Donnerstag, 5. Mai 2011

3.5. - 4.5.2011, Von Le Castella nach Otranto (1 Nachtfahrt)

Auf Grund dessen, dass der Wind in der Nacht zu viel nachgelassen hat, ist die Entscheidung gefallen, dass das Ziel Marano Lagunare nicht bis Ende der Woche erreicht werden kann. Da wir schon wieder zwei Nachtfahrten hinter uns haben, wird ein Zwischenstopp in Le Castella eingelegt und das Etappenziel Otranto für zwei Tage später geplant. Je nachdem, welcher Wind uns in der Adria erwartet und wie weit wir im Laufe der Woche kommen, werden wir das Schiff in einen Hafen an der italienischen Küste legen und zu einem späteren Zeitpunkt weiter nach Marano führen.
Der Schaden am Motor am zweiten Tag unserer Reise hat uns leider zu viel Zeit gekostet, da wir ihn nach der Reparatur erst nach und nach wieder für längere Zeiträume vorsichtig laufen ließen, und dann auch nur unter geringer Drehzahl. Mittlerweile verwenden wir ihn immer wieder, um Flauten zu überbrücken.

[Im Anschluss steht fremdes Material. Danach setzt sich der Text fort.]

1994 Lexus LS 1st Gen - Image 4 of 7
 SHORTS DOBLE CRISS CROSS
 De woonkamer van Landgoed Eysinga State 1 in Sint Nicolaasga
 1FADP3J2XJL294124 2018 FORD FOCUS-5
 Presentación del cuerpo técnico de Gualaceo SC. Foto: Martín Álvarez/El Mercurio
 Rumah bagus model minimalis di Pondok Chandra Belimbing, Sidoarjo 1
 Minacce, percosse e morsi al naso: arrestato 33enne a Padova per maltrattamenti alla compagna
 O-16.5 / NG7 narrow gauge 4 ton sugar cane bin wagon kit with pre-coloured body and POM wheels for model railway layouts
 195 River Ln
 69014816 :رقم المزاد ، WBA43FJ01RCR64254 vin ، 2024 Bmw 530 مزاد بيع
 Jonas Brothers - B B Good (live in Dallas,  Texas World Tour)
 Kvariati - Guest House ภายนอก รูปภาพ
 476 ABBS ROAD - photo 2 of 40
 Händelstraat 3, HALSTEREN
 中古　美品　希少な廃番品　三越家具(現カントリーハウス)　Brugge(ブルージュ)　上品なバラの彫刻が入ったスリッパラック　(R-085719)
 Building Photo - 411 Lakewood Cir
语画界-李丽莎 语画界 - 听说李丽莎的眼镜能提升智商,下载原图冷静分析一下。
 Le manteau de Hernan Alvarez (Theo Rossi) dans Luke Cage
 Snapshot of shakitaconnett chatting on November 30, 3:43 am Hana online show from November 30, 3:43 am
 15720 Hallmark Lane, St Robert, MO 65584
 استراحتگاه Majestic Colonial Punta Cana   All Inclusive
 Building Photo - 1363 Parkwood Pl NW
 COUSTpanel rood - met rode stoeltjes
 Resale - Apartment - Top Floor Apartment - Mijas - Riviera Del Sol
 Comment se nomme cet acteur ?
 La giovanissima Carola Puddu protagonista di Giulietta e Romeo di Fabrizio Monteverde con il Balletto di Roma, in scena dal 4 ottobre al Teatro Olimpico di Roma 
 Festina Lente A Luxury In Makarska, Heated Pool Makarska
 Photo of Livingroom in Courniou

Ein weiterer wunderschöner Segeltag


Veit wieder einmal mit Fachlektüre

Anstossen mit Prosecco auf zurückgelegte 1000 Seemeilen (davon 850 unter Segel)
 

 
 

Die Skipperkabine, eigentlich der Salon (die einzige Kabine, welche noch halbwegs trocken ist, dafür ist die Koje etwas kurz)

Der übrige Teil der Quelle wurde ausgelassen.